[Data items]
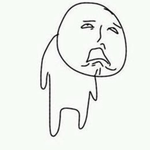 여드름 <b>흉터</b> 진ㅋ자 ㅈ같어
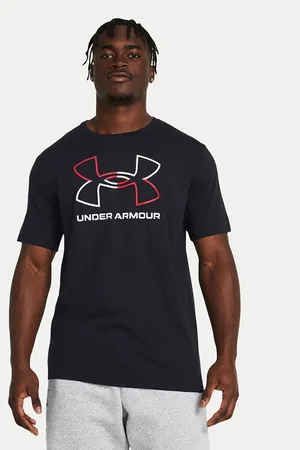 Under Armour T-Shirt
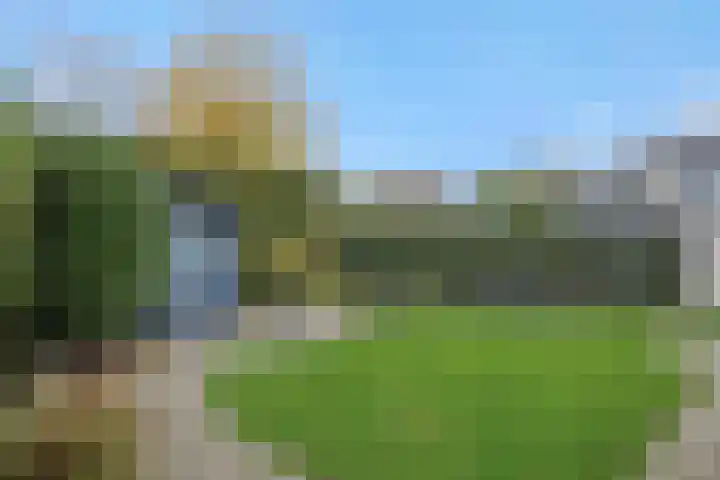 Rietbeemdenborch 5 Rosmalen thumbnail 15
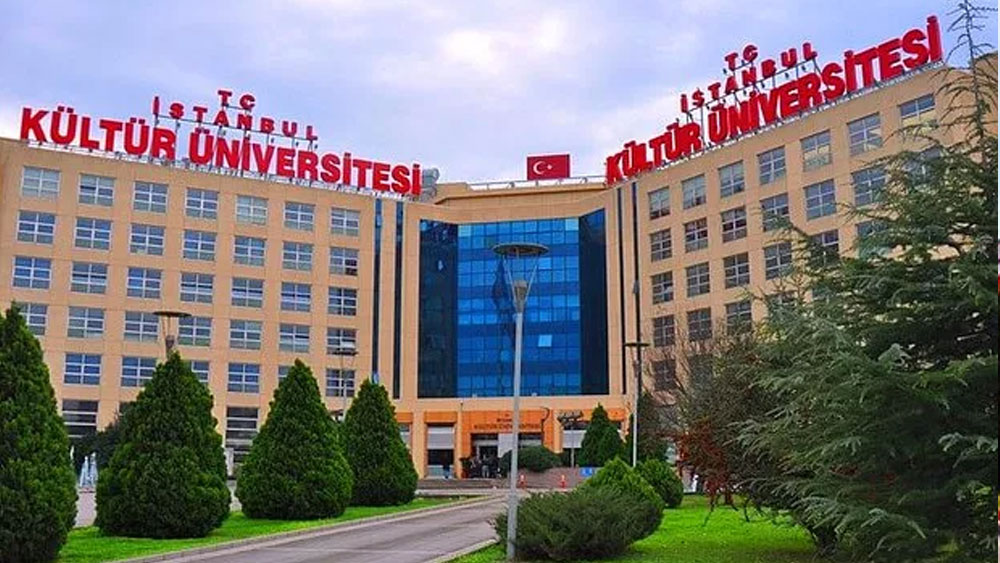 İstanbul Kültür Üniversitesi personel alıyor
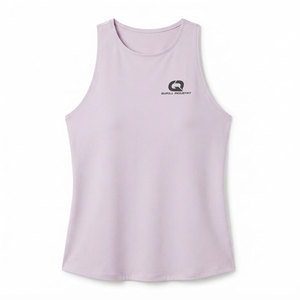 Camiseta Deportiva de Mujer de Secado Rápido, Transpirable y que Absorbe la Humedad, para Fitness, Yoga, Running y Actividades Deportivas - Product Image 1
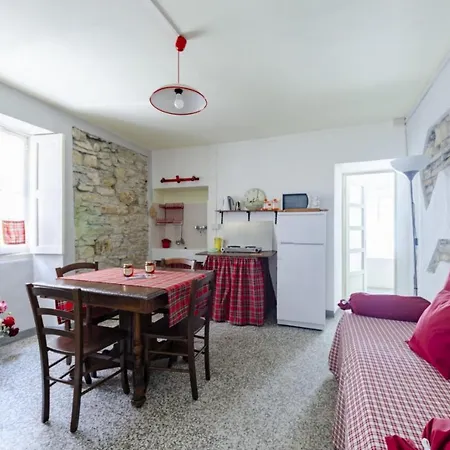 Apartment Altido Queen Bee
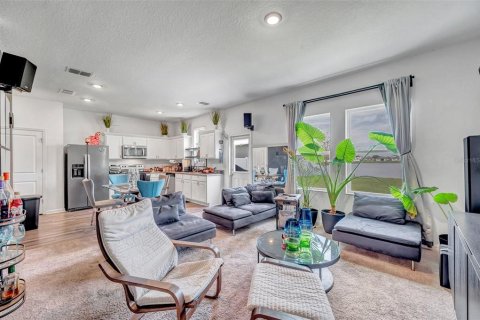 Casa en venta en Ruskin, Florida, 3 dormitorios, 150.87 m2 № 1903733 - foto 19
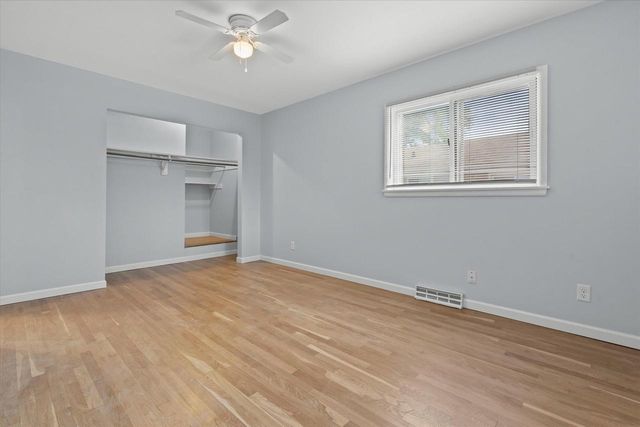 8572 W Villard AVENUE, Milwaukee, WI 53225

Task goal:
Verbatim output of every entry above is required, though pictures are to be left out.

Response area:
 여드름 <b>흉터</b> 진ㅋ자 ㅈ같어
 Under Armour T-Shirt
 Rietbeemdenborch 5 Rosmalen thumbnail 15
 İstanbul Kültür Üniversitesi personel alıyor
 Camiseta Deportiva de Mujer de Secado Rápido, Transpirable y que Absorbe la Humedad, para Fitness, Yoga, Running y Actividades Deportivas - Product Image 1
 Apartment Altido Queen Bee
 Casa en venta en Ruskin, Florida, 3 dormitorios, 150.87 m2 № 1903733 - foto 19
 8572 W Villard AVENUE, Milwaukee, WI 53225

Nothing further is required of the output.